2. Missed years are not lost — the carry-forward rule
CESG room accumulates from the year a child is born (or becomes a Canadian resident), even if no RESP exists yet. If you have missed years, you can contribute up to $5,000 in a single year and receive 20% on all of it — up to $1,000 of grant in one year instead of $500. A family that starts when their child is eight can still reach the full $7,200, but the later you start, the harder the math gets, because you can only double up one missed year at a time.
3. The extra grants lower-income families miss
On top of the basic 20%, eligible middle- and lower-income families receive an Additional CESG of 10% or 20% on the first $500 contributed each year. And the Canada Learning Bond provides up to $2,000 for children from eligible lower-income families with no contribution required at all — the family simply needs to open an RESP. If money is tight, that last point matters: opening the account can bring grant money even in years you cannot contribute.
4. What happens to the money at withdrawal
When your child enrols in post-secondary education, grant money and investment growth are paid out as Educational Assistance Payments, taxed in the student's hands — and students typically pay little or no tax. Your own contributions come back to you tax-free, since they were made with after-tax dollars. If a child does not pursue post-secondary education, there are options — naming a sibling, transferring growth under certain conditions — but unused grant money returns to the government, which is one more reason family RESPs are worth understanding when you have more than one child.
5. Contribution limits to keep in mind
The lifetime RESP contribution limit is $50,000 per child (only the first $2,500 per year attracts the basic grant). Over-contributions are taxed at 1% per month, so coordination matters when grandparents or relatives also want to contribute — multiple RESPs for one child share the same limits.
An Ontario example: Lakshmi & Vamsi, Waterloo
Lakshmi and Vamsi (fictional, but a familiar story) came to Waterloo in 2022 with their daughter Ananya, now six. Nobody had mentioned RESPs — their bank conversations were all about credit cards and a car loan. When we mapped it out, Ananya had several years of unused CESG room. By contributing $4,500 a year for the next few years — $2,500 for the current year plus $2,000 toward one missed year — they collect $900 of grant annually until they catch up, then drop back to $2,500 a year. Started at six, the full $7,200 is still within reach.
What you can do this week
- Make sure each child has a Social Insurance Number — it is required to open an RESP.
- If you have missed years, calculate your child's unused CESG room (years since birth or arrival × $500).

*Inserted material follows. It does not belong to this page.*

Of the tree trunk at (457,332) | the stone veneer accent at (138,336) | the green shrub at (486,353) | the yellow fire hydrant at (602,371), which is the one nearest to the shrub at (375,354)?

- Check whether your family qualifies for the Additional CESG or the Canada Learning Bond — eligibility is based on income and is worth up to $2,000 with zero contribution.
- If relatives contribute too, total up all RESPs for the child against the $50,000 lifetime limit.
- Set up a monthly auto-contribution — $208/month reaches the $2,500 annual grant maximum.
Frequently asked questions
What is the CESG in simple terms?
The Canada Education Savings Grant is a federal grant that adds 20% to the first $2,500 you contribute to a child's RESP each year — up to $500 per year and $7,200 lifetime per child.
Can I catch up on missed RESP grant years?
Yes. CESG room accumulates from birth (or the year the child became a Canadian resident). You can contribute up to $5,000 in one year to claim 20% on the current year plus one missed year — up to $1,000 of grant in a single year.
What if my child doesn't go to college or university?
There are options, such as naming a sibling as beneficiary or transferring growth under certain conditions, but unused grant money is returned to the government. Your own contributions are always returned to you.